As the economy improves and the investing outlook changes, market participants should consider ways to diversify their portfolios in case of sudden turns. Investors may consider alternative investments like commodity exchange traded funds that may help capture opportunities ahead and cushion against slips in traditional assets.
On the recent webcast (available On Demand for CE Credit), What You Should Know About Commodities Now, William Rhind, Founder and CEO of GraniteShares ETFs, argued that investors should consider commodities due to the current rebalancing supply and demand dynamics, rising inflation outlook and portfolio diversification benefits.
The current supply and demand appear favorable for a rally in prices after the multi-year weakness in the broad commodities market.
Headline inflation has also remained depressed for a prolonged period, with inflation hovering near a low range since the late 1970s.

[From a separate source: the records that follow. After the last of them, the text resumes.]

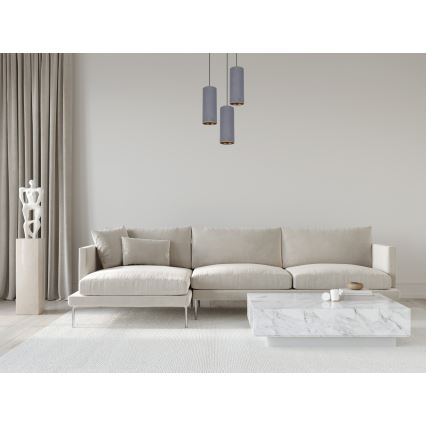 Csillár zsinóron AVALO 3xE27/60W/230V á. 35 cm szürke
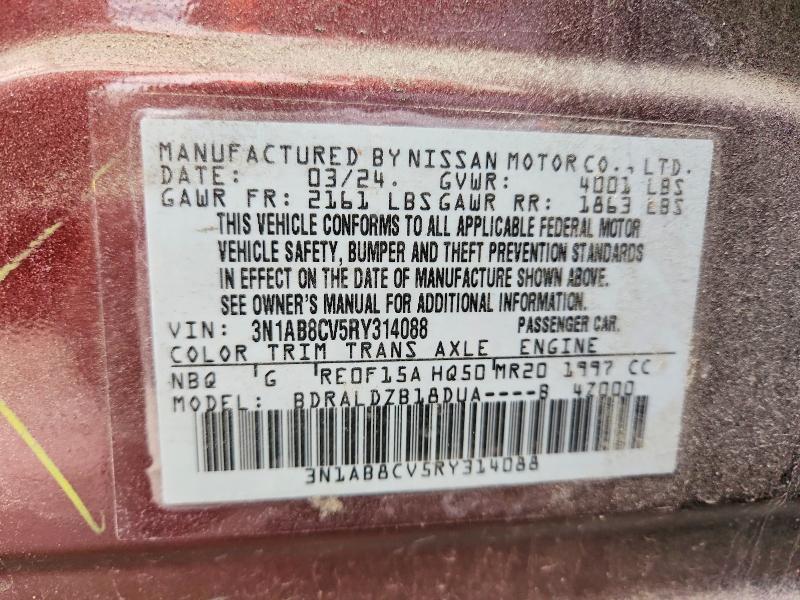 Продажа на аукционе авто 2024 Nissan Sentra, vin: 3N1AB8CV5RY314088, номер лота: 61618276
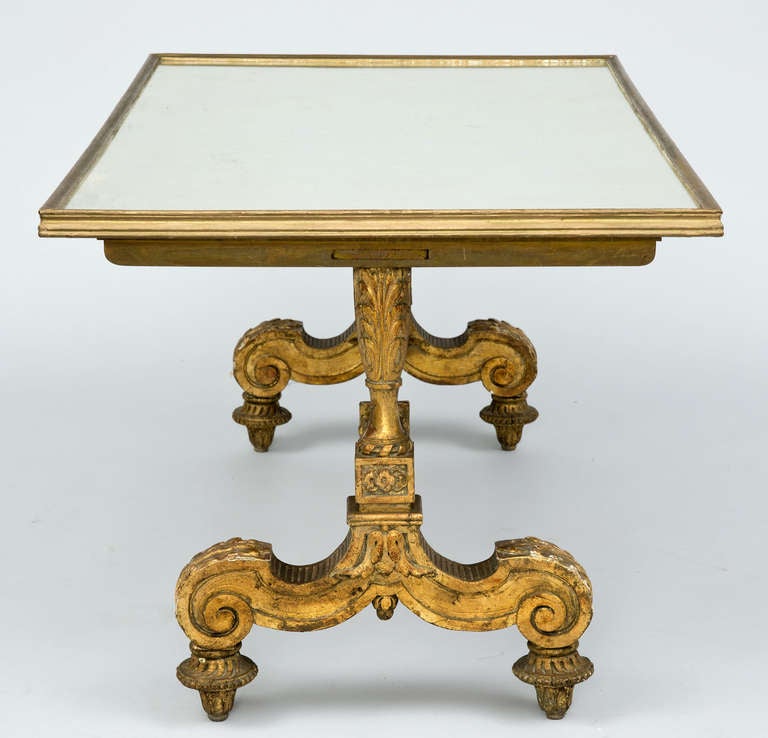 19th Century Antique French Carved Giltwood Mirrored Coffee Table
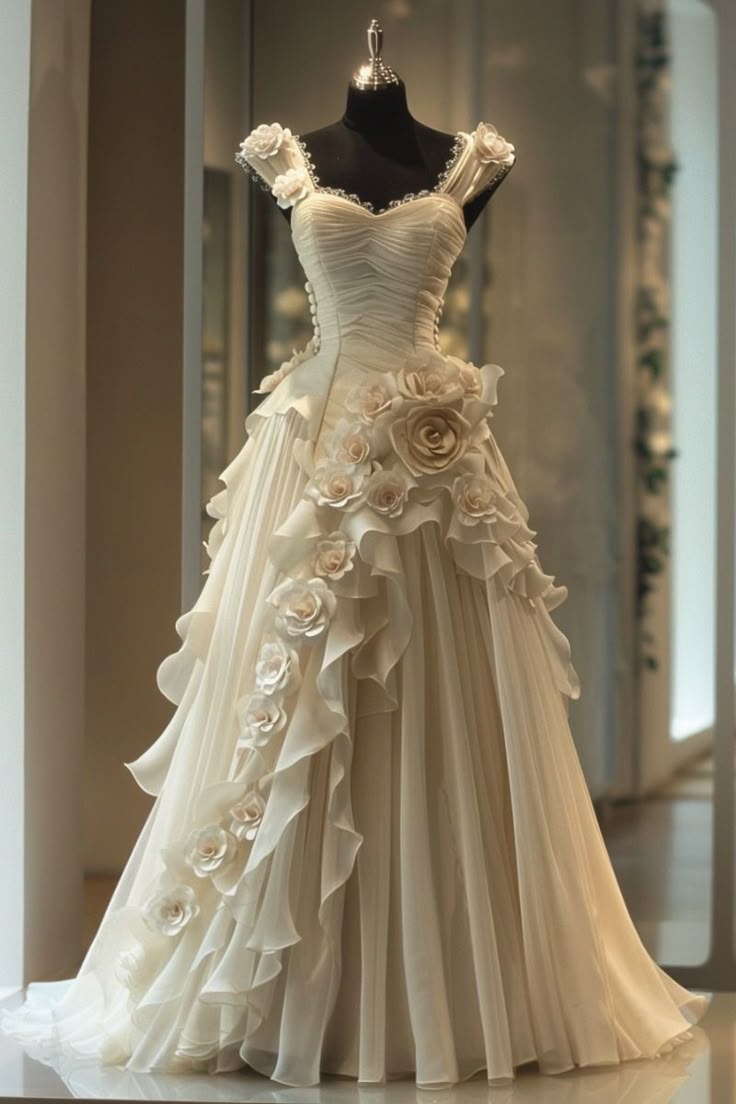 Chic White Sweetheart Neck A-Line Chiffon Long Wedding Dress with Appliques ED03384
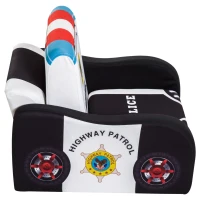 Qaba 17" Multi Spandex Storage Sofa Chair for Kids - Police Car(m-7)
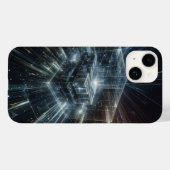 Futuristic Cyber Cube Phone Case - High-Tech Glow  (Achterkant (horizontaal))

Looking ahead, experts project inflation will break 2% in 2018 from their current levels due to a number factors like changing geopolitical and monetary factors, higher prices for domestic goods in a more protectionist environment, stabilizing oil prices that would mitigate expectations for lower inflation and a close to fully employed U.S. economy.
Nevertheless, there may be unexpected turns that could cause inflation to spike beyond what many anticipate, and many have grown complacent in a low inflation environment.
“Being that commodities are at relatively cheap compared to historical values, it may make sense to hedge your portfolio of these risks beforehand, not afterwards,” Aaron Gilman, Chief Investment Officer of Independent Financial Partners (IFP), said, adding that commodity futures typically outperformed during periods of unexpected inflationary risks.